Dingqin Hu, Jiehao Fu, Shanshan Chen, Jun Li, Qianguang Yang, Jie Gao, Hua Tang, Zhipeng Kan, Tainan Duan, Shirong Lu, Kuan Sun, Zeyun Xiao

《化学科学与工程前沿(英文)》 2021年 第15卷 第3期   页码 571-578 doi: 10.1007/s11705-020-2010-1

摘要: Emerging needs for the large-scale industrialization of organic solar cells require high performance cathode interlayers to facilitate the charge extraction from organic semiconductors. In addition to improving the efficiency, stability and processability issues are major challenges.
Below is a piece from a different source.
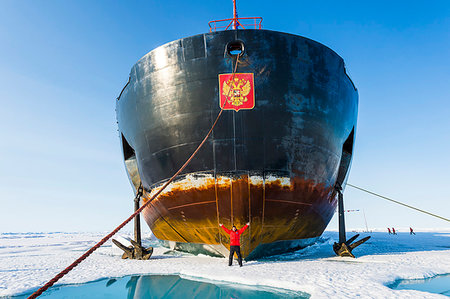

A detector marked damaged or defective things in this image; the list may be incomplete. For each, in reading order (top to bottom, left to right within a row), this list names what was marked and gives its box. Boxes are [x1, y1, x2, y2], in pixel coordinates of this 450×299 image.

rust stain on hull [142, 175, 336, 258]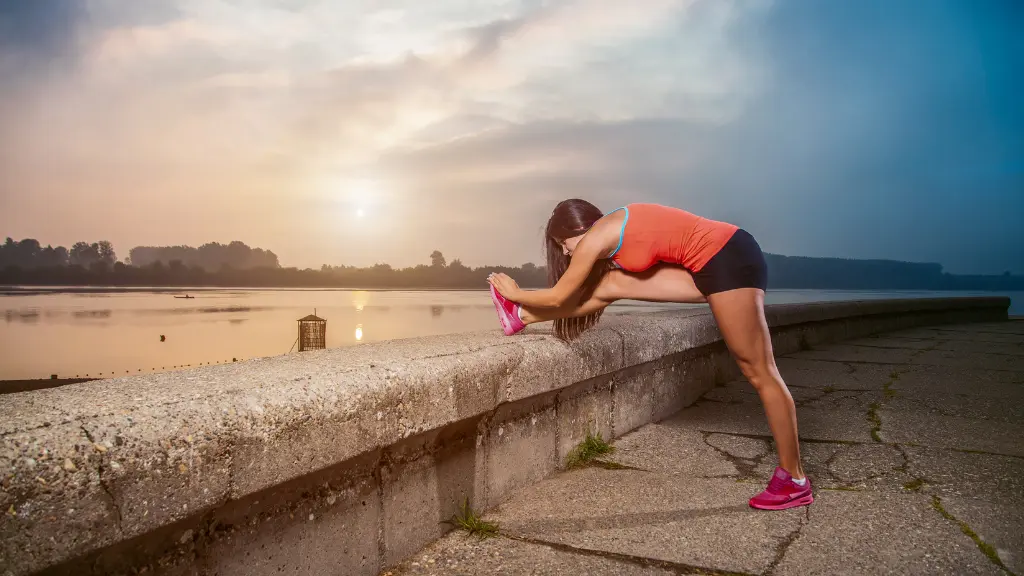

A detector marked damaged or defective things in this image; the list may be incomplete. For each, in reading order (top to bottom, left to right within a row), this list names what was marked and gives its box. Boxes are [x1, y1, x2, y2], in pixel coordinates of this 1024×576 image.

crack in pavement [499, 528, 757, 573]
Herein, we design block copolymers with well controlled chemical composition and molecular weight for cathode interlayer applications. The block copolymer coated cathodes display high optical transmittance and low work function. Conductivity studies reveal that the block copolymer thin film has abundant conductive channels and excellent longitudinal electron conductivity due to the interpenetrating networks formed by the polymer blocks. Applications of the cathode interlayers in organic solar cells provide higher power conversion efficiency and better stability compared to the most widely-applied ZnO counterparts. Furthermore, no post-treatment is needed which enables excellent processability of the block copolymer based cathode interlayer.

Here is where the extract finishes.